Any established firm offering a storage or analytics product for a tiny or a large amount of data is now branded as big data, even though their technology is as it was 5 years ago. Big data as a technological category is becoming increasingly meaningless, as every industry leader includes the phrase in their talks and repeat it as many times in their pitches.
As the industry develops, there won’t be any single term replacing the Big Data moniker, though there will be different tools and technologies, narrowly focused and highly specialized than Big Data. Some of these buzzwords that might catch attention in the near future are:
Smart Data– It’s an emerging pattern in Big Data scene involving the productization of incessant data through predictive analysis. It relies on advanced techniques in statistics and machine learning to recognize and exploit patterns. In essence, companies have stopped relying on humans to interpret data, and are looking forward to machine-captured data through predictive analysis.

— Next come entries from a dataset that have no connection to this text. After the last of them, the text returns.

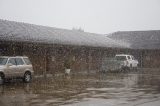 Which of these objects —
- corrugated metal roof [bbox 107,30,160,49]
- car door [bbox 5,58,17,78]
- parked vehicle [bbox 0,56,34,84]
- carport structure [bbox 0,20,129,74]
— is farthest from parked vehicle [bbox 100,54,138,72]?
corrugated metal roof [bbox 107,30,160,49]

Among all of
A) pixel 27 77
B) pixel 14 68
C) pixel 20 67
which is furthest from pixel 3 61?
pixel 27 77

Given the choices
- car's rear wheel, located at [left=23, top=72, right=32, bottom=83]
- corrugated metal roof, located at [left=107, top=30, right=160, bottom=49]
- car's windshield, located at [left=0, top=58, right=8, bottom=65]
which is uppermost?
corrugated metal roof, located at [left=107, top=30, right=160, bottom=49]

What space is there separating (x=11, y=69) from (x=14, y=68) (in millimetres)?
289

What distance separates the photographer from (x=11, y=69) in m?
21.2

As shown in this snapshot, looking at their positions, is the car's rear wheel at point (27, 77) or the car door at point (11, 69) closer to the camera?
the car door at point (11, 69)

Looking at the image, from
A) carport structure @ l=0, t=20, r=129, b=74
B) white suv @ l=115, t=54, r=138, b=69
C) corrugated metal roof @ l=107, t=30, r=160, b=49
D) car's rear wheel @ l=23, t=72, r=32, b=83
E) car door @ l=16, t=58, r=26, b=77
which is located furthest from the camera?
corrugated metal roof @ l=107, t=30, r=160, b=49

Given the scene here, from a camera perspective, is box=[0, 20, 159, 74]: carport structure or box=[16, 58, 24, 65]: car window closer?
box=[16, 58, 24, 65]: car window

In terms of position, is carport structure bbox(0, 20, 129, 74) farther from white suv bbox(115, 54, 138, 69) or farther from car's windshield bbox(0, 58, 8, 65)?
car's windshield bbox(0, 58, 8, 65)

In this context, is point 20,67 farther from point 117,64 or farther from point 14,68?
A: point 117,64

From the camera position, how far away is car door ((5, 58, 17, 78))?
68.6 ft

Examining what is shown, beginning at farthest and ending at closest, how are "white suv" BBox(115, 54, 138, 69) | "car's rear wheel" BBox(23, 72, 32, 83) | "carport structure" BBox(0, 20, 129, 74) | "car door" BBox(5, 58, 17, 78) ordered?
"white suv" BBox(115, 54, 138, 69), "carport structure" BBox(0, 20, 129, 74), "car's rear wheel" BBox(23, 72, 32, 83), "car door" BBox(5, 58, 17, 78)

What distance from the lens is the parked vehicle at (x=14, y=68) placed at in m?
20.8


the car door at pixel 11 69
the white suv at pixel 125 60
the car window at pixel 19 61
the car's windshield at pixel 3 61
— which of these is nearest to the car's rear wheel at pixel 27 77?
the car window at pixel 19 61

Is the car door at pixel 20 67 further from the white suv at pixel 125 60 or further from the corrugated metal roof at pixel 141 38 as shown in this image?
the corrugated metal roof at pixel 141 38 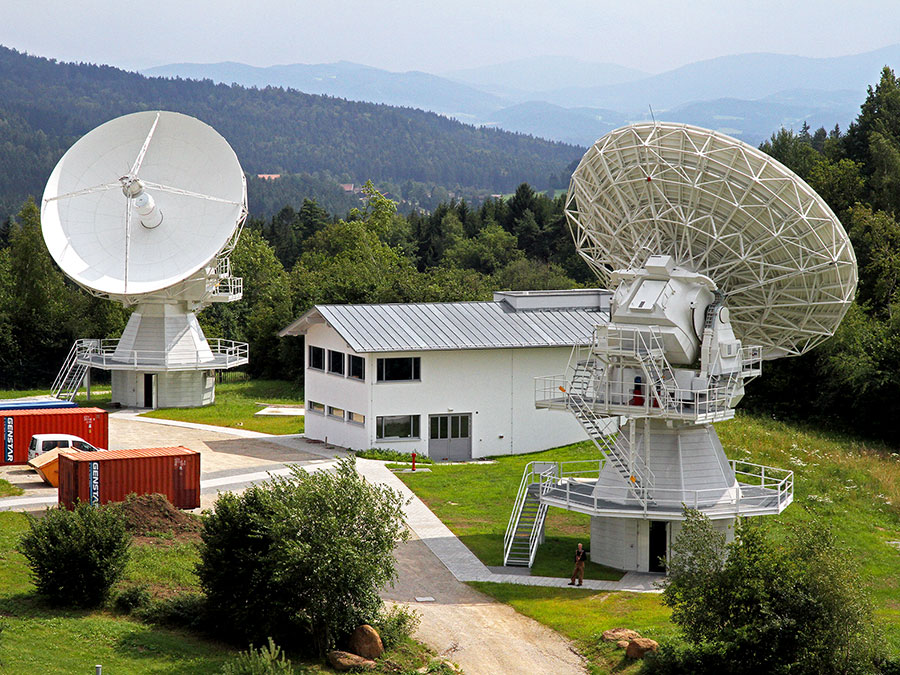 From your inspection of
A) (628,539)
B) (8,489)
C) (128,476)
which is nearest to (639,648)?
(628,539)

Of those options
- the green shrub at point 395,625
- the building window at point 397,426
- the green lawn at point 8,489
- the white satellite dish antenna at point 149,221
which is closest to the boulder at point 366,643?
the green shrub at point 395,625

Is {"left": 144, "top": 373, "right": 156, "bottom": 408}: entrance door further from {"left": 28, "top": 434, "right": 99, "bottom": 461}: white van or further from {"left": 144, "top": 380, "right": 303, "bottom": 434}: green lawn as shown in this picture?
{"left": 28, "top": 434, "right": 99, "bottom": 461}: white van

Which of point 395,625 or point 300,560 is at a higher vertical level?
Result: point 300,560

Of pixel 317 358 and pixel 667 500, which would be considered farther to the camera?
pixel 317 358

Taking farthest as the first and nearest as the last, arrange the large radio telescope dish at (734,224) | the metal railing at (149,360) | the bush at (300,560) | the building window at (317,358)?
1. the metal railing at (149,360)
2. the building window at (317,358)
3. the large radio telescope dish at (734,224)
4. the bush at (300,560)

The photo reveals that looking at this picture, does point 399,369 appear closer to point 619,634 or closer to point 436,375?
point 436,375

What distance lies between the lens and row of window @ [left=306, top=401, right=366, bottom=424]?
52656 millimetres

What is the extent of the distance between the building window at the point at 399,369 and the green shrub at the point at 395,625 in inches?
892

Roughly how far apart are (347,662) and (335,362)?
2880cm

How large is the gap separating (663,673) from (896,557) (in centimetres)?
1605

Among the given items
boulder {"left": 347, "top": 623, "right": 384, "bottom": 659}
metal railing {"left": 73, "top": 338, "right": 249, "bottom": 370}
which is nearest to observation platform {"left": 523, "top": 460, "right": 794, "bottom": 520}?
boulder {"left": 347, "top": 623, "right": 384, "bottom": 659}

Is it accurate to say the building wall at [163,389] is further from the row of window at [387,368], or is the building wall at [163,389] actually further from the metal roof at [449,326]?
the row of window at [387,368]

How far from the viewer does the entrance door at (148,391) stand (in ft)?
215

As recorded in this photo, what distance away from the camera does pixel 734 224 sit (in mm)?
34688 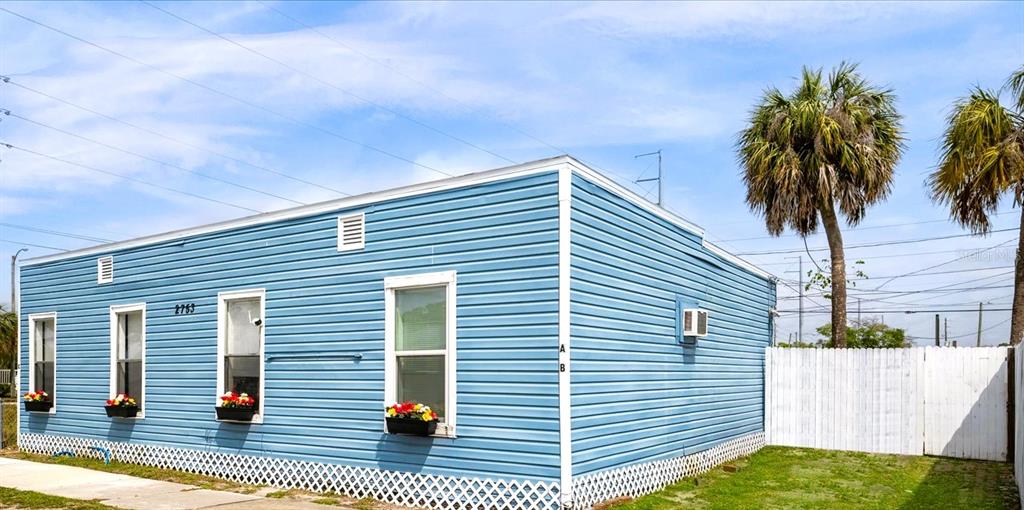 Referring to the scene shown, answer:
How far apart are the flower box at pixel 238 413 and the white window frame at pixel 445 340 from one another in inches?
94.7

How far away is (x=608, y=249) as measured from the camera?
30.8 ft

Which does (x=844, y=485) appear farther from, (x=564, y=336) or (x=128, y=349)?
(x=128, y=349)

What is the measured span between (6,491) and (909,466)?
38.9 ft

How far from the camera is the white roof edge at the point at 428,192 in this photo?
881 cm

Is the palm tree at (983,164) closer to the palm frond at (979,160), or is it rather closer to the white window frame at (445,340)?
the palm frond at (979,160)

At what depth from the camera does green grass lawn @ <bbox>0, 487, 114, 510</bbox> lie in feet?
30.4

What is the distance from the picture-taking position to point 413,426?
9.13 meters

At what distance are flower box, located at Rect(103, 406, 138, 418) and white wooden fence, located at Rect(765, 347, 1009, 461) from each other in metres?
10.1

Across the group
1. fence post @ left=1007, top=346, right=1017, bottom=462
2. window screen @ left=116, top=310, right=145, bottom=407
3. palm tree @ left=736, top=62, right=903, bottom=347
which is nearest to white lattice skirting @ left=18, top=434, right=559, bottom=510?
window screen @ left=116, top=310, right=145, bottom=407

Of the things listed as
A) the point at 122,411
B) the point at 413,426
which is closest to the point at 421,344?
the point at 413,426

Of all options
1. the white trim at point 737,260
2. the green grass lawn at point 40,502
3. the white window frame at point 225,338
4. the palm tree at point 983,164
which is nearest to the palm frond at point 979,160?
the palm tree at point 983,164

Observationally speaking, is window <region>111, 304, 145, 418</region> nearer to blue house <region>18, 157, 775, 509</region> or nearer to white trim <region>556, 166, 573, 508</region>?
blue house <region>18, 157, 775, 509</region>

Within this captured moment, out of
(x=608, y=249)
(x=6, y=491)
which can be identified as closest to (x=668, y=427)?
(x=608, y=249)

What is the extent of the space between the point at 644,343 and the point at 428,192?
307cm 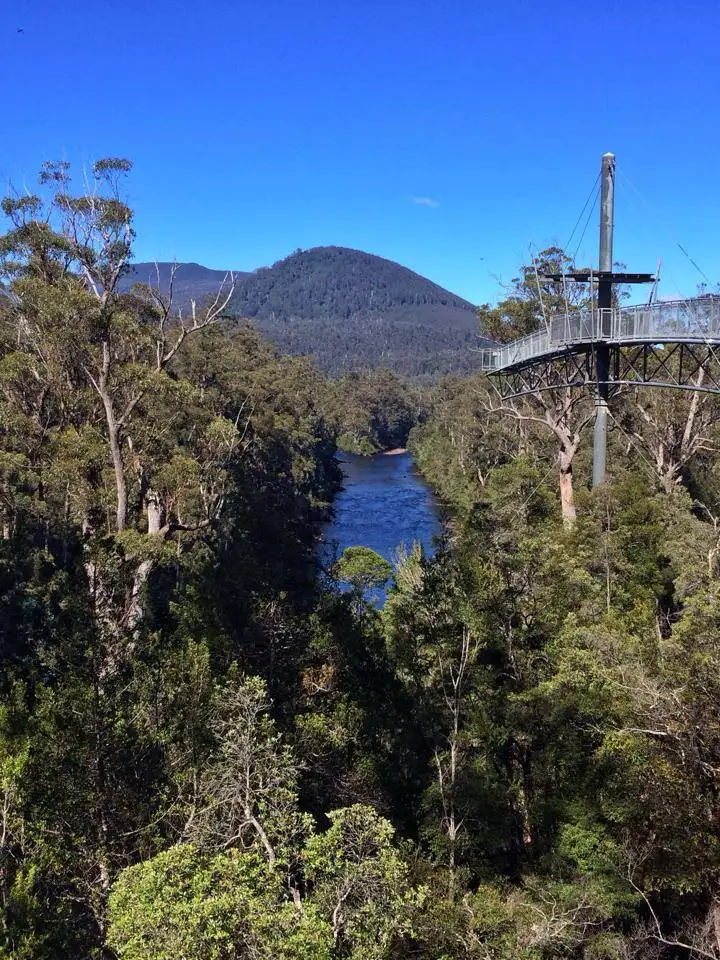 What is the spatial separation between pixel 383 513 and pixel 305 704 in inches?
1556

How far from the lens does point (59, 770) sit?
8.88m

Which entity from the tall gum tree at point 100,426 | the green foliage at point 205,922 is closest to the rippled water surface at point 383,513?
the tall gum tree at point 100,426

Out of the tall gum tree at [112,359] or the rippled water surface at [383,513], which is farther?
the rippled water surface at [383,513]

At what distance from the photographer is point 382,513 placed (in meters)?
55.4

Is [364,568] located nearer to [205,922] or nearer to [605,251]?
[605,251]

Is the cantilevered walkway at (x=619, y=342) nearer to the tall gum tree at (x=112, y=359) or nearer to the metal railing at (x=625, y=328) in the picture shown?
the metal railing at (x=625, y=328)

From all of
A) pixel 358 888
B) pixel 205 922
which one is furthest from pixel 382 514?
pixel 205 922

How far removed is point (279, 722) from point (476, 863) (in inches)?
204

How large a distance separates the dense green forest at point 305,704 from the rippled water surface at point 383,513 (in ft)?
43.8

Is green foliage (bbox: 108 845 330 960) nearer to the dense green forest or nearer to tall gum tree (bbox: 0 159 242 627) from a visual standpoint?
the dense green forest

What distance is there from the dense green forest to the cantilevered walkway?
12.8 feet

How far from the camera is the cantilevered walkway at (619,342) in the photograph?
615 inches

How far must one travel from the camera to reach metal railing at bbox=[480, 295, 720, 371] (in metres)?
15.3

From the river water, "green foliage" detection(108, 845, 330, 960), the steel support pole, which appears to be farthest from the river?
"green foliage" detection(108, 845, 330, 960) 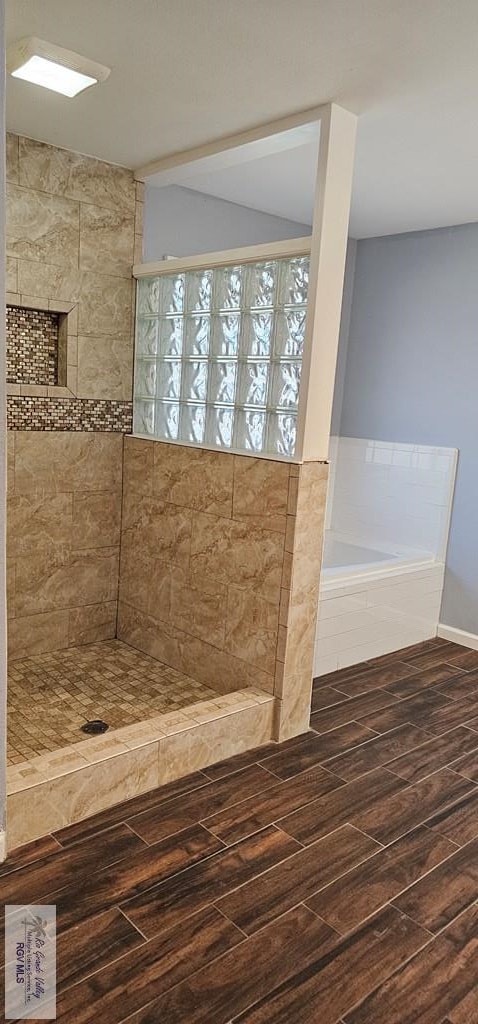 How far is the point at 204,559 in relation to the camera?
10.1 feet

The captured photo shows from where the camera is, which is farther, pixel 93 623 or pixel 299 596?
pixel 93 623

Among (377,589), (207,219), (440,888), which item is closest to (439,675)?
(377,589)

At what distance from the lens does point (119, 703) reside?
9.66ft

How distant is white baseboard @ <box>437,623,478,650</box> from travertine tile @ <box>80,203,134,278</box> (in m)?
2.64

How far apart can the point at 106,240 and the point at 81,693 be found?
2.07 metres

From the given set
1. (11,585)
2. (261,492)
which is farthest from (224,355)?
(11,585)

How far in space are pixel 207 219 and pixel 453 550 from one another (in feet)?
7.50

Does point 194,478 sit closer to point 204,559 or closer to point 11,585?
point 204,559

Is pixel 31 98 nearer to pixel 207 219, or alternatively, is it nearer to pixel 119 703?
pixel 207 219

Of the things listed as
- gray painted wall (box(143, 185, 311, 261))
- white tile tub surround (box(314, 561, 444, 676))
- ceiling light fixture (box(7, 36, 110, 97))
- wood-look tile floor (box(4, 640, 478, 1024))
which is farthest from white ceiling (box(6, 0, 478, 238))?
wood-look tile floor (box(4, 640, 478, 1024))

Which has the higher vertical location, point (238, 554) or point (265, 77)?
point (265, 77)

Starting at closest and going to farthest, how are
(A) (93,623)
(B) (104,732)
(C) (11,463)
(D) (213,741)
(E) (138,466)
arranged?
(D) (213,741), (B) (104,732), (C) (11,463), (E) (138,466), (A) (93,623)

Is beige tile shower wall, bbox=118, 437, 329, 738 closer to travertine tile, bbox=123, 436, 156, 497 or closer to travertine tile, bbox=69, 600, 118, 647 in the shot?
travertine tile, bbox=123, 436, 156, 497

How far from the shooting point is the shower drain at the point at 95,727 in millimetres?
2689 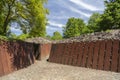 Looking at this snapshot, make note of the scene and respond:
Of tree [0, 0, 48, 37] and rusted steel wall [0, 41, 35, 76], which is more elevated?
tree [0, 0, 48, 37]

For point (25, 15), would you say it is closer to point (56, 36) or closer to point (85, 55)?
point (85, 55)

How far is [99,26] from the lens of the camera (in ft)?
124

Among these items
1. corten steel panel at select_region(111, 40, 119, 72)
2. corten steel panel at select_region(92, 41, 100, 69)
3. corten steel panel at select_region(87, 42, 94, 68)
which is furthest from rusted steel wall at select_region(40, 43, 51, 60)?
corten steel panel at select_region(111, 40, 119, 72)

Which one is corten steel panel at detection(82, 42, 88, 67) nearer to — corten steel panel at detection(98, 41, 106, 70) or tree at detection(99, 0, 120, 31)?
corten steel panel at detection(98, 41, 106, 70)

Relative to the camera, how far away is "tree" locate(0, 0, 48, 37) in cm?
2856

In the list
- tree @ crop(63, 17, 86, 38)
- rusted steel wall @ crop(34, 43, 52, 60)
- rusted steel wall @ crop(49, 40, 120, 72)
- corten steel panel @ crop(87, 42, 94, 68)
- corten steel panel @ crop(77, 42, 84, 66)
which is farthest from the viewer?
tree @ crop(63, 17, 86, 38)

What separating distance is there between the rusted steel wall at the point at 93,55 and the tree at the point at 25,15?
352 inches

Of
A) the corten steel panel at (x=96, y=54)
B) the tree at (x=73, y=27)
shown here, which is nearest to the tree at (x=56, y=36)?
the tree at (x=73, y=27)

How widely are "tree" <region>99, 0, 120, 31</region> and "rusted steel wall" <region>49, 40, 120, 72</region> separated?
15.7 meters

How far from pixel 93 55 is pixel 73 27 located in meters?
54.2

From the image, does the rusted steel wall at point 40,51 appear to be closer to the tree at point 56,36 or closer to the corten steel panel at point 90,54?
the corten steel panel at point 90,54

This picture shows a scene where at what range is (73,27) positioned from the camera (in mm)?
71000

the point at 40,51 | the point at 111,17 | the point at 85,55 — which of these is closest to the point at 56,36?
the point at 111,17

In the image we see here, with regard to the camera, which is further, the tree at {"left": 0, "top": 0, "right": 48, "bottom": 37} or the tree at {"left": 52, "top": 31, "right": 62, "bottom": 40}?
the tree at {"left": 52, "top": 31, "right": 62, "bottom": 40} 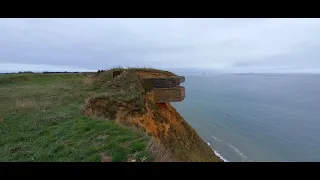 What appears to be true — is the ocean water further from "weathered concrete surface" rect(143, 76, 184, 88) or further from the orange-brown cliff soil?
"weathered concrete surface" rect(143, 76, 184, 88)

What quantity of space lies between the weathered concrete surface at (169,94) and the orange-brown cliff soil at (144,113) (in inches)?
13.4

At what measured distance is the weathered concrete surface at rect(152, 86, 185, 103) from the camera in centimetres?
998

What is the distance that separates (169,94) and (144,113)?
2.27m

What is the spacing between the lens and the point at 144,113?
8.37m

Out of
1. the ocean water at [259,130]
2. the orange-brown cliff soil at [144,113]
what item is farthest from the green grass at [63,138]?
the ocean water at [259,130]

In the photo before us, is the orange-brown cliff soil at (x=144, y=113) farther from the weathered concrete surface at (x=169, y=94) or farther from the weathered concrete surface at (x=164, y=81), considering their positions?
the weathered concrete surface at (x=164, y=81)

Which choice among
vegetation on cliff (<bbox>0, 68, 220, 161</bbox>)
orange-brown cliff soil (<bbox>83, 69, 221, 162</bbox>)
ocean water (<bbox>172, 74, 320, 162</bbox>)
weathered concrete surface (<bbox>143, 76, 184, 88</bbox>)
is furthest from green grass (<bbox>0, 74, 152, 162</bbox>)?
ocean water (<bbox>172, 74, 320, 162</bbox>)

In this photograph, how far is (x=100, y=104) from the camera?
26.4ft

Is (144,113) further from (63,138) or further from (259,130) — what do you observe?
(259,130)

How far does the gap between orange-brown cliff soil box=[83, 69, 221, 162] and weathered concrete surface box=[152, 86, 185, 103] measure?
0.34 m

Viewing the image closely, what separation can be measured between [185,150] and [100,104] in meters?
4.17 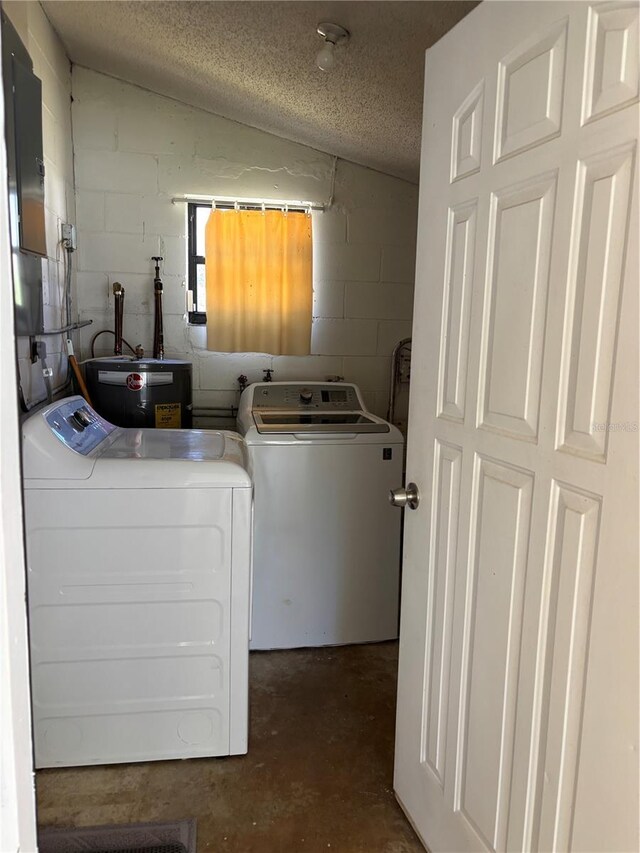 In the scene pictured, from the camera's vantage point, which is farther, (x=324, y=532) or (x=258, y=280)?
(x=258, y=280)

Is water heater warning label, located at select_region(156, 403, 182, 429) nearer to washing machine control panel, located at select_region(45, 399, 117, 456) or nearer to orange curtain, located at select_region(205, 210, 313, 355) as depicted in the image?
washing machine control panel, located at select_region(45, 399, 117, 456)

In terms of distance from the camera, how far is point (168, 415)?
2.63 metres

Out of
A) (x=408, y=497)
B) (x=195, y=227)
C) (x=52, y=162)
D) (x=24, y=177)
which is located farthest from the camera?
(x=195, y=227)

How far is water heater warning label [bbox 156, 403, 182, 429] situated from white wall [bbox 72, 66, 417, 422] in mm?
459

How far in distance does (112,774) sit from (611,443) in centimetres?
175

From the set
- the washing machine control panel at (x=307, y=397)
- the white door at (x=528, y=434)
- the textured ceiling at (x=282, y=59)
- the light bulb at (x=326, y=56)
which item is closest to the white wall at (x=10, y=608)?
the white door at (x=528, y=434)

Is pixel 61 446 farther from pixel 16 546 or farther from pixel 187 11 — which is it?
pixel 187 11

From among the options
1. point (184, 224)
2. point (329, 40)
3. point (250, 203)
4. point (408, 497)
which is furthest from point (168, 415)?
point (329, 40)

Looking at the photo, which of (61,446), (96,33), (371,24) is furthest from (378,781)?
(96,33)

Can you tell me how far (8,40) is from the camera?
1733 millimetres

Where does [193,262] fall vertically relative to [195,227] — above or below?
below

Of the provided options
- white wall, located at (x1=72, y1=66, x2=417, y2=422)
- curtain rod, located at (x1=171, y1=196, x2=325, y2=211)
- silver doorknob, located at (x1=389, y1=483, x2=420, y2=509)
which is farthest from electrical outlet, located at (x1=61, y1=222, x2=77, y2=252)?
silver doorknob, located at (x1=389, y1=483, x2=420, y2=509)

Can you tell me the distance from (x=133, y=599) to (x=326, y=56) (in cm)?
189

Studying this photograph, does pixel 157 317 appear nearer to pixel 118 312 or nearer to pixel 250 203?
pixel 118 312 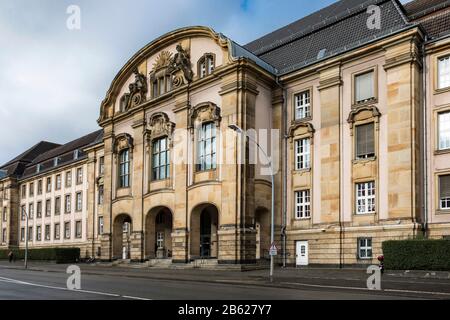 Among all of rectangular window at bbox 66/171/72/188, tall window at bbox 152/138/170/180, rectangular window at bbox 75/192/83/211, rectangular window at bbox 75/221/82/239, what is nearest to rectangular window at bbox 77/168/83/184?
rectangular window at bbox 75/192/83/211

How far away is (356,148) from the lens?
3105 centimetres

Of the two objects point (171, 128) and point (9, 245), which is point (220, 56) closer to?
point (171, 128)

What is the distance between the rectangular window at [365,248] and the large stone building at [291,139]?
0.08 meters

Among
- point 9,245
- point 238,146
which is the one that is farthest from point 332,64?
point 9,245

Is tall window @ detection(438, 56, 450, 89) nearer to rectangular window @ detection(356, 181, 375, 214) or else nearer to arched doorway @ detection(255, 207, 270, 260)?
rectangular window @ detection(356, 181, 375, 214)

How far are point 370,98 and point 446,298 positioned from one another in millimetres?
16635

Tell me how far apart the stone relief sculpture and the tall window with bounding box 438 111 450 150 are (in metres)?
23.8

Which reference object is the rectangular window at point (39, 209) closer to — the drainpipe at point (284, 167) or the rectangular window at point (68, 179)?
the rectangular window at point (68, 179)

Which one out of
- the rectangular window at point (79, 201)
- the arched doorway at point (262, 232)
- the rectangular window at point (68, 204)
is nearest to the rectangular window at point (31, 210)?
the rectangular window at point (68, 204)

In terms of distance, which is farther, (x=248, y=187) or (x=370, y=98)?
(x=248, y=187)

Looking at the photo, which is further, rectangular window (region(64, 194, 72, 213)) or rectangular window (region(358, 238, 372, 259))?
rectangular window (region(64, 194, 72, 213))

Data Science– Data science is a new field that utilizes advanced techniques in statistics, machine learning, natural language processing, and computer science to extract meaning from large amounts of data.
Predictive Analytics– Lingering in relative anonymity for many years, Predictive Analytics is coming in their own. Core to both data science and smart data, it involves using historical data to predict future events. So, if you can anticipate the future, you can also change it.
There are a vast number of data analysts, working for consulting agencies, using data mining, modeling, and optimization to gain insights into customer preferences, trends and more.
Companies have come to rely on these services more acutely nowadays. Even with its limitations, Big Data has evolved the way of doing business in every industry. With every company vying for these services to get an edge over their competitors, the trend of Big Data is not fading out soon, especially while the companies are relentlessly investing in it. While this looks all good and well for sales pitches and publicity, in reality, it is projecting an immensely different picture. Companies, more importantly, small businesses, are not meeting their expected turnover even with the help of Big Data analytics, though this may not be true for major organizations.
Not all Eggs in the Same Basket
Understanding what Big Data can do for an organization can be expressed in one word: Knowledge. It equips you with the capacity to make more intelligent decisions, with the competence to streamline and optimize your business, and with the ability to make your employees work better than before. By analyzing the information gathered about your business, employees and customer, you can put yourself ahead in the competition. But this will only work if you know what you are looking for.
Given the success it has had over the last few years, it is no denying that Big Data will be instrumental for any company to succeed. But putting up a caution sign may help companies to tread this path more carefully. Moreover, companies have to start understanding the role of Big Data analytics, if any, in their business strategy and accordingly set up a plan which will lead to success. Besides, companies don’t have to completely depend on Big Data when they have other resources at their disposal.